We can only fully know his love when we give up ownership to our lives
and bodies. According to the Apostle Paul, this shift comes when God
recapitulates his redeeming work in us through the offering of our “. . . bodies as
living sacrifices holy and pleasing to God—this is our true and proper worship.”
(Romans 12:1 NIV). He transforms us by restoring our mind to its original
condition not suddenly but over time as we daily yield our lives (verse 2).

The Apostle Paul wrote he considered all the gains he made in life
garbage so he could obtain a righteous life not of his own making that comes
from keeping the law, “. . . but that which is through faith in Christ.” (Philippians
3:8 and 9). Although he admitted he had not attained it all, he pressed on.
(Verse 12). He said, “I want to know Christ—yes, to know the power of his
resurrection and participation in his sufferings, becoming like him in his death,
and so, somehow, attaining to the resurrection from the dead.” (Verses 10 and
11).

Only recent studies of the brain shows how it locks-in our thought
processes which govern our everyday behavior. Change in behavior, then, can
only come through reprogramming. (Read Escaping the Matrix by Gregory A.
Boyd and Al Larson). How did the Apostle Paul know our minds could be
renewed except by the direct inspiration of God? Only God can change the
pattern of our thinking to transform us into people who live by faith in him. He
says, ". . . my righteous ones will live by faith. But I will take no pleasure in
anyone who turns [pulls] away." (Hebrews 10:38 NTL).

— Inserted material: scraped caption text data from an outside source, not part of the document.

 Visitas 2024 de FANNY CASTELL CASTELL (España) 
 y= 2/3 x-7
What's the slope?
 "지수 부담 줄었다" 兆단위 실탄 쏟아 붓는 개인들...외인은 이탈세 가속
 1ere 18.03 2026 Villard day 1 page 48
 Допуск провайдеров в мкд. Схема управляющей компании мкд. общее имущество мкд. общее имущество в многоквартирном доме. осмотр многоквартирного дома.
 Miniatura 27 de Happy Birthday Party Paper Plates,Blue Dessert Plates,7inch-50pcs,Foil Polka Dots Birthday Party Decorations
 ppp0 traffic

I play a little game with my 2-year-old grandson, whom I love dearly. I grab
hold of his hand and he pulls back and says to me, “Mine! Pull!”

Then, I say, “No, mine!” And we pull. The tug continues until I carefully let
go. I don't want him to get hurt. He staggers back or sits down and laughs.
How can I stop my grandson from doing what he wants? Obviously, in this
case, my strength works. Do I have this right, however, to control his behavior?
Since my daughter regularly asks me to babysit him, she lends me this right
particularly to moderate his temerarious activities.

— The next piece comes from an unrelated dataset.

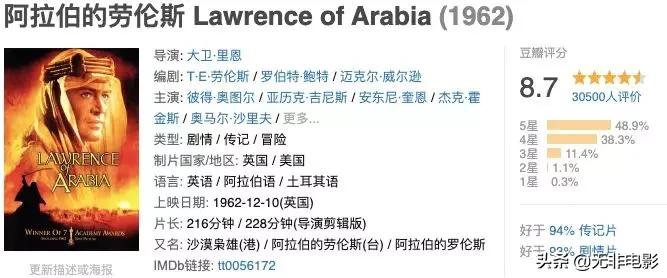 假期必看的十部电影,拯救假期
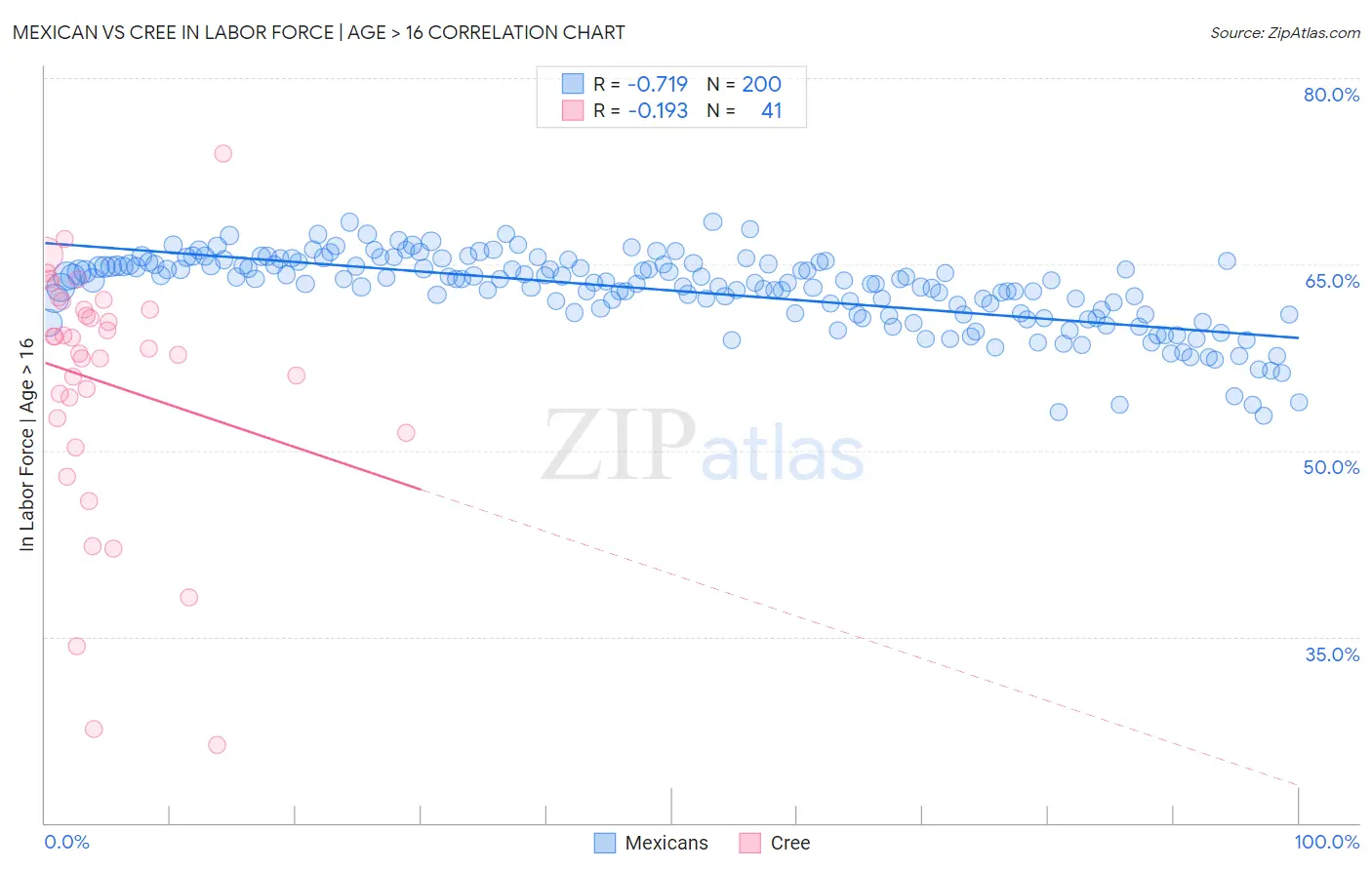 Mexican vs Cree In Labor Force | Age > 16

During an outdoor play time one day, he belligerently chose to leave the
play area. I told him not to go there but he continued to push the boundary. I
went to him and took his hand to keep him from leaving and he pulled back and
said, “Mine! Pull!” He thought he could get away with his actions by playing our
little game. I told him, however, that he could not go up the steps.

He persisted so I said, “We will go back inside to see mommy if you do not
stop.” But he kept trying to leave. I knew if I did not stop him, he would go
beyond the area where I could keep him from danger.

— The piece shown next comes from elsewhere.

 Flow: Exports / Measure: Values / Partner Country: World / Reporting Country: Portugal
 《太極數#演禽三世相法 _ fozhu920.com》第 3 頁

I took his hand and started to lead him to the house to which he cried, “No,
Poppi!” I let him go and repeated my ultimatum. He started going back up the
steps. I, then, gently picked up my screaming little boy and carried him back into
the house where a new struggle proceeded. I had to keep him from running
outside, ignoring his plaintiff acts. Mommy eventually calmed him down.
I did not take any pleasure in this tug-of-war. It deeply pained me when I
saw the anger in his eyes as he pointed his accusing finger at me and he said
some gibberish words. What did they mean? I will never know; but, they meant
something to him. Someday, he may walk away from the loving training he
received as a child to pursue ungodly pleasure or gain.

That is not our desire at all. All our deep and unconditional love cannot stop him
from pulling himself outside the reach of our love.

O, how much those thoughts pain me. There will come a day when I will not
be able to pick him up to move him from his temerarious ways. He will decide
someday whether to follow the teaching of his youth or follow his own path.
Like everyone else, there will come a time when he will need to completely
surrender himself to God for divine transformation through a complete mind
makeover. I pray for him every day that he will fully turn his life over to God.

We all need God's makeover. He wants to do it. This want is expressed in
his unfailing love. God could not love us, if he forced us into the mold of his
desire. Notice, however, how much God does love us. He wants us to
experience everlasting life with him in heaven so much that out of unfailing love,
he gave his only Son to die for our sins. (John 3:16). If only the world's people
understood this. Yet, they can only know this through a new birth. (John 3:1-16).
This new birth understanding comes when they hear and positively respond to
the Holy Spirit anointed preaching of the ones God sends them. (Romans 10:13-
17). Knowing and experiencing God's supreme love-desire for us, however,
cannot reach those running from it or pulling against it.

Adults play this “I want what I want and I want it now” game all the time.
They ask, “What gives anyone the right to tell me I can't do what I want?”
This kind of human temerity with the the tendency to act foolhardily rises
out of Adam's rebellion in the garden. The Apostle Paul wrote through one man's
(Adam's) unwillingness to heed God's warning (Romans 5:19), sin fatally
contaminated the human mind. Jesus said this inherited self-defeated behavior
leads us away from his loving desire. “For wide is the gate and broad is the road
that leads to destruction, and many enter through it. But small is the gate and
narrow the road that leads to life, and only a few find it.” (Matthew 7:13,14 NIV).
And he said:

"Everyone who hears these words of mine and puts them into practice is
like a wise man who built his house on the rock. The rain came down, the
streams rose, and the winds blew and beat against that house; yet it did
not fall, because it had its foundation on the rock. But everyone who hears
these words of mine and does not put them into practice is like a foolish
man who built his house on sand. The rain came down, the streams rose,
and the winds blew and beat against that house, and it fell with a great
crash." (Matthew 7:24-27).

Furthermore, in Revelations 2 and 3, he tells the Church to attend to what
the Spirit says to it when he challenges the healthiness of the seven churches
located in Asia. He leaves a warning with these words in 3:19-22:
Those whom I love I rebuke and discipline. So be earnest and repent.
Here I am! I stand at the door and knock. If anyone hears my voice and
opens the door, I will come in and eat with that person, and they with me.
To the one who is victorious, I will give the right to sit with me on my
throne, just as I was victorious and sat down with my Father on his throne.
Whoever has ears, let them hear what the Spirit says to the churches.

I point again to God's call for us to listen to what he says. God wants
everyone to live abundantly within the framework of his provisions which come
out of his abundant possessions. (Philippians 4:19). When we follow him, we
gain, but when we choose our way, we lose. “For what will it profit a man if he
gains the whole world and forfeits his soul? Or what will a man give in exchange
for his soul?” (Jesus, Matthew 16:26 NIV).

If we want to know how to live profitably in a godly way, we need listening
ears to hear what God has to say to us so we can follow Jesus. Like the violin
mastercrafter carefully builds and finishes his instrument to his and the rest of
the world's pleasure, God works in us to give us “. . . the desire and the power to
do what pleases him.” (Philippians 2:13 NLT).